A la veille de la rencontre du Conseil de la fédération, qui se tient à Québec de mercredi à vendredi, M. Charest a bien pris soin, mardi, de faire en sorte que la boîte de Pandore constitutionnelle ne vienne pas hanter les échanges qu'auront les premiers ministres des provinces et des territoires.

M. Charest réagissait aux propos tenus plus tôt en journée par le chef de l'opposition officielle, Mario Dumont, qui exhortait les premiers ministres à unir leurs voix pour faire pression sur Ottawa afin que le Québec soit reconnu comme une nation dans la constitution canadienne.

«Est-ce que, à ce moment-ci, il y a quelqu'un au Québec ou au Canada, quelqu'un de sérieux, qui propose une réouverture des négociations constitutionnelles? La réponse c'est non», a tranché M. Charest, lors d'une conférence de presse sur un autre sujet.

«Je ne connais pas de personne sérieuse qui propose ça à ce moment-ci», a-t-il ajouté, en précisant que de toute façon M. Dumont avait l'habitude de «changer de priorité» quotidiennement.

Le chef de l'opposition officielle a suggéré que le dossier constitutionnel soit ajouté à l'ordre du jour des premiers ministres, mais ce ne sera pas le cas.

«Qu'il s'agisse d'ouvrir la constitution, de quelque façon que ce soit, qu'on parle de réforme du Sénat, de la place du Québec au sein du Canada, ou d'autres sujets, comme la question des autochtones, il y a bien peu, voire pas du tout d'appétit pour ouvrir la constitution», parmi les premiers ministres du pays, a pour sa part déclaré celui du Manitoba, Gary Doer.

Le couvercle a donc été mis rapidement sur la marmite sous laquelle Mario Dumont tentait d'allumer le feu.

Selon le chef adéquiste, le Conseil de la fédération est un forum approprié pour parler de la place du Québec dans la constitution canadienne, et ce, même si le gouvernement fédéral n'y est pas représenté.
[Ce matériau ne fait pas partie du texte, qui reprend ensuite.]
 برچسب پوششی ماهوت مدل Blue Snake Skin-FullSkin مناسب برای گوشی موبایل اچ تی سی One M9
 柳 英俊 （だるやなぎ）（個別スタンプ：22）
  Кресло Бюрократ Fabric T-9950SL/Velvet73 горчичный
«Il n'y a pas de bon ou mauvais forum pour le premier ministre du Québec pour mettre de l'avant des intérêts du Québec aussi fondamentaux», a-t-il fait valoir.
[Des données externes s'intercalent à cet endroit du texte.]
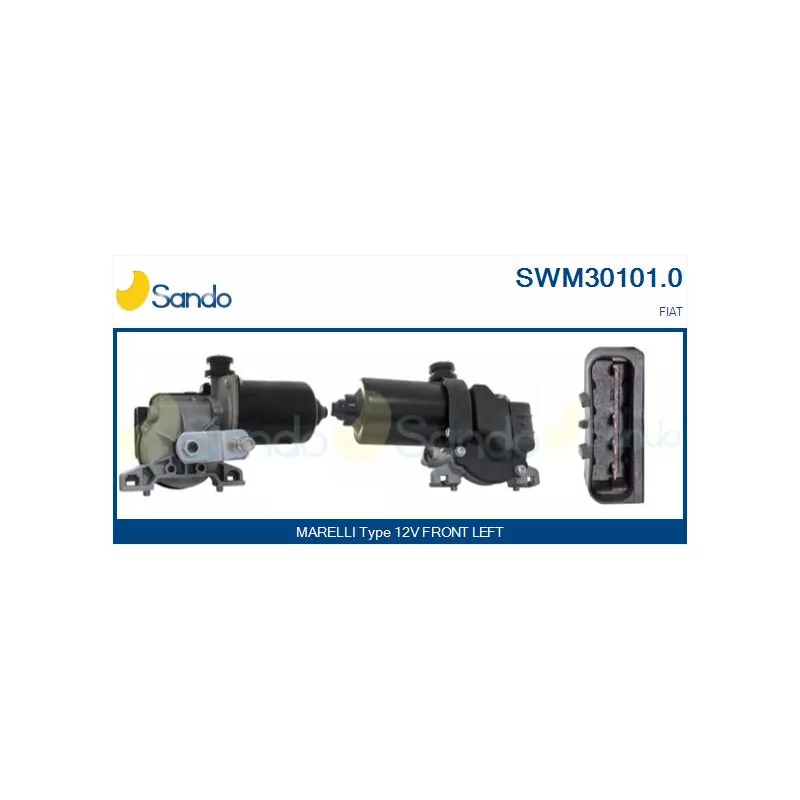 Moteur d'essuie-glace SANDO SWM30101.0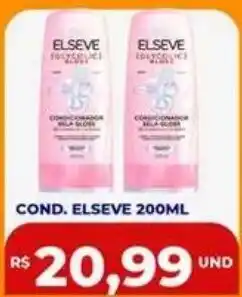 Supermercados Planalto Cond. elseve 200ml oferta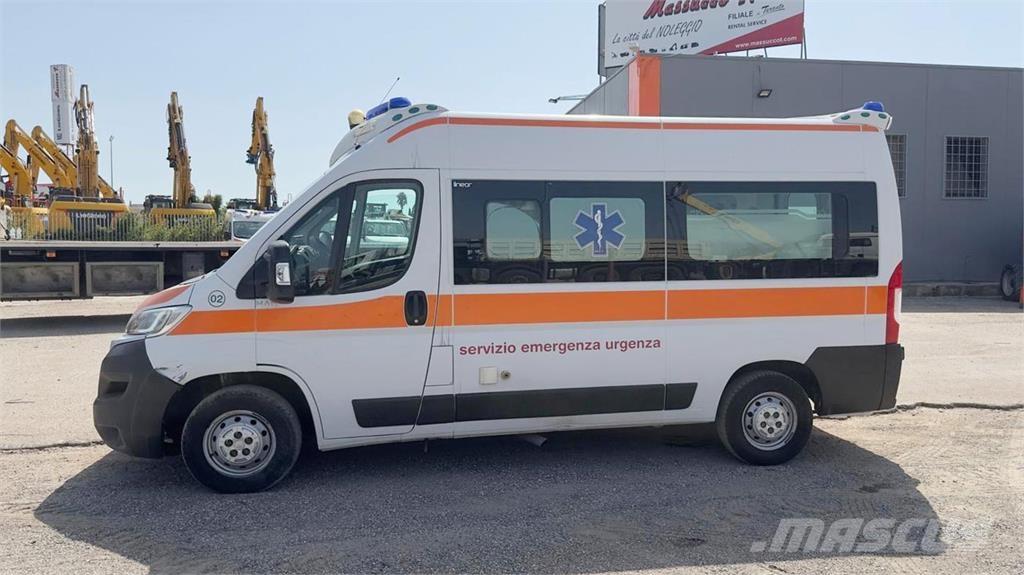 Fiat DUCATO AMBULANZA Andere Fahrzeuge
D'où la pertinence, à ses yeux, de demander au premier ministre Charest de «préparer le terrain» d'une nouvelle ronde de négociations constitutionnelles, avec l'appui des premiers ministres des autres provinces.

Ainsi, suivant cette logique, le gouvernement fédéral interpréterait cette alliance entre les provinces comme une pression exercée pour relancer la joute constitutionnelle.

Si M. Dumont revendique que les provinces se commettent dans ce dossier, il veut aussi, du même souffle, que le gouvernement Charest privilégie les relations bilatérales Québec-Ottawa.

«J'ai toujours été mal à l'aise avec la banalisation du Québec, le fait qu'on crée une table où le Québec se retrouve un joueur sur 13», a-t-il fait valoir, faisant allusion au fait que le Conseil de la fédération regroupe à la fois les provinces et les territoires.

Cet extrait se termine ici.